A querela das imagens marcou o judaísmo, o islão, o cristianismo e não só. As imagens estavam ligadas ao poder. Eram instrumentos de propaganda. No judaísmo, eram sobretudo os excluídos do poder que as repudiavam. A idolatria não estava ligada, apenas, às imagens. Para o profeta Isaías, Israel cai na idolatria, quando confia mais nos recursos militares do que em Deus (Is 31, 1-3). Por vezes, a iconofobia hebraica foi transgredida. Basta pensar nos frescos, com cenas bíblicas, presentes nas ruínas da sinagoga de Dura Europos do século III. O percurso das imagens provocou lutas sangrentas no interior do cristianismo (726-789). Foram legitimadas no II Concílio de Niceia: Deus tornou-se misteriosamente visível, para os homens, no corpo de Jesus. A veneração das imagens não se dirige a elas, mas a quem elas representam. Distinguiu-se a "veneração" a pessoas santas da "adoração" reservada só a Deus. O islão, considerado a última religião monoteísta, herdou a iconofobia semita. Maomé destruiu os ídolos da Ka"ba e, no Corão, pode ler-se que as estátuas são abominação de Satanás.

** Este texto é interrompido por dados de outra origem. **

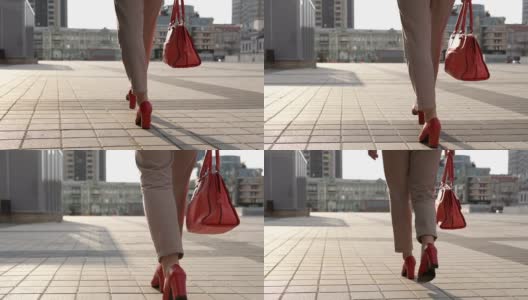 穿着红色高跟鞋的女腿漫步在现代化的城市里高清在线视频素材下载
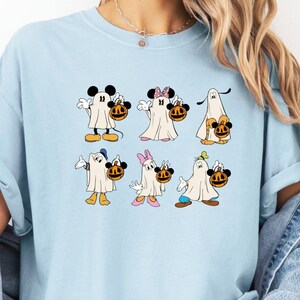 May include: A light blue t-shirt with a graphic of Mickey Mouse, Minnie Mouse, Donald Duck, Goofy, and Pluto dressed as ghosts holding jack-o-lanterns. The characters are in a row, with Mickey Mouse on the left and Pluto on the right.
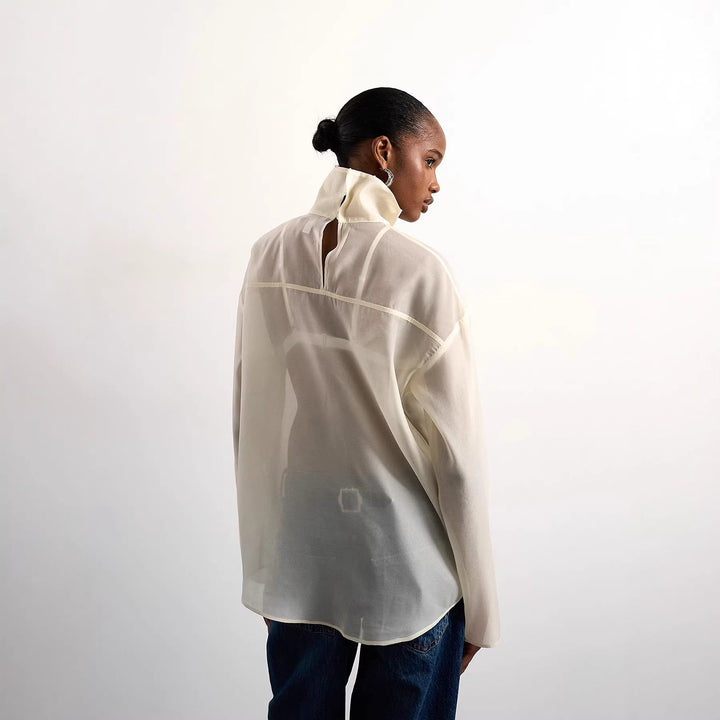 Mote-riktig kremfarget damebluse med høy krage. En elegant og lett sommertopp, perfekt for kvinneklær.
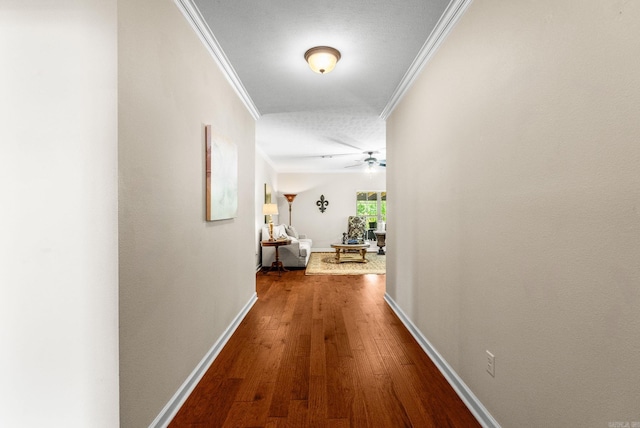 hallway with ornamental molding and hardwood / wood-style flooring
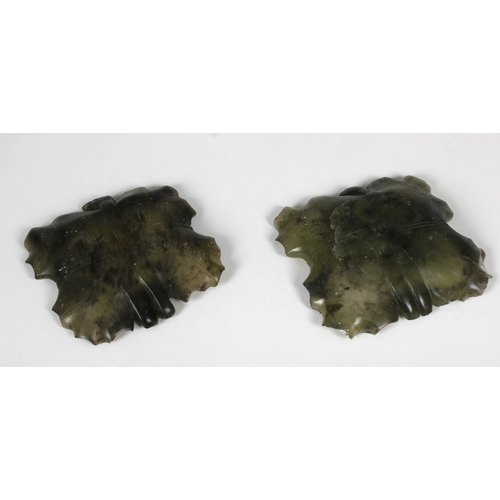 697 - A pair of Chinese spinach jade pin dishes of shaped square leaf form, 9.6cm. square. (2)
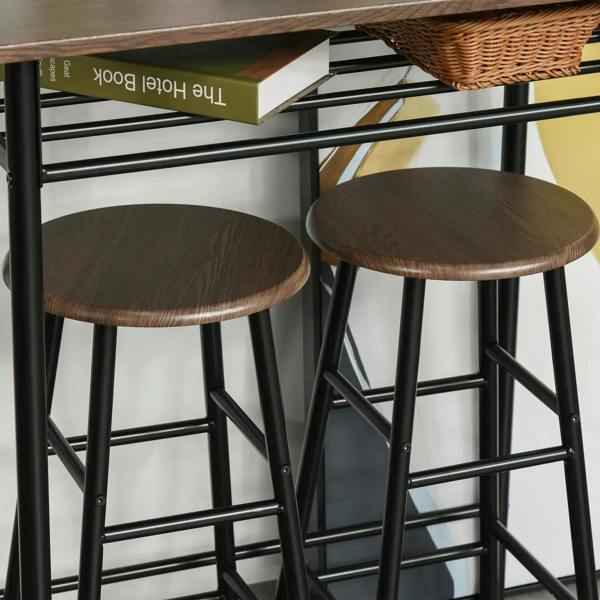 Close-up of two round dark wood stool seats and black frames beneath table shelf.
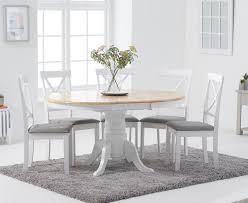 While you're browsing our trendy selection of white dining room chairs, use our filter options to discover all the dining room chairs colors, sizes, materials, styles, and more we have to offer. Epsom Oak And White Round Pedestal Extending Table With Epsom Chairs With Grey Fabric Seats Oak And White 4 Chairs 819 00 Save Up To 20 Off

Seria ridículo pensar que a idolatria está, apenas, ligada à iconografia. Quando se encara a letra da Bíblia ou do Corão como ditados de Deus, esse fundamentalismo também é idolátrico.

A Igreja ortodoxa e a Igreja católica romana resvalam facilmente para o excesso do visível, para o excesso das imagens. Podem cair, e caem muitas vezes, no trivial mais trivial em nome do concreto. Numa civilização da tirania da imagem, como é a nossa, só existe o que aparece. Daí as tentações com a televisão.

3. O PÚBLICO do domingo passado foi abundante em comentários a diversos aspectos da religião. Destaco, todavia, de Eduardo Cintra Torres, a "Santa televisão" ocupada com a trasladação dos restos mortais da vidente Lúcia para Fátima. Realça que "a importância do evento não pode ser diminuída por se tratar de uma manifestação religiosa. Pelo contrário, a religião tem recuperado por novos caminhos o papel de cimento social nas sociedades contemporâneas ocidentais. Mas daí à unanimidade de toda uma sociedade vai um passo demasiado grande. E aquilo que assistimos no domingo passado constitui um facto de grande relevância não só no aparato televisivo português como na sociedade em geral: os três canais generalistas, representando 3/4 dos espectadores ou mais, transmitiram a mesma cerimónia, muitas vezes com as mesmas imagens, por um período que ocupou mais de nove horas da sua emissão".

É, no entanto, revelador que "os canais alternativos da cabo, satélite e vídeo obtiveram no domingo a segunda melhor audiência do ano. Durante a tarde, esses canais chegaram a ter mais audiência do que qualquer um dos generalistas que transmitia a cerimónia".

Seria importante constituir um grupo de trabalho com sociólogos, antropólogos, psicólogos, peritos em comunicação, pastoralistas, bispos e teólogos, de várias tendências, para analisarem e debaterem o significado de tudo isto na sociedade portuguesa. Que religião é esta? Que alegria traz à vida?

P.S. O documentário do Canal 2 A Fé de cada Um, transmitido na semana passada em torno das imagens de Fátima, pró e contra, seria uma boa peça para esse debate.

 
(1) O Peregrino e o Convertido. A Religião em Movimento, Lisboa, Gradiva, 2005, págs. 26-27.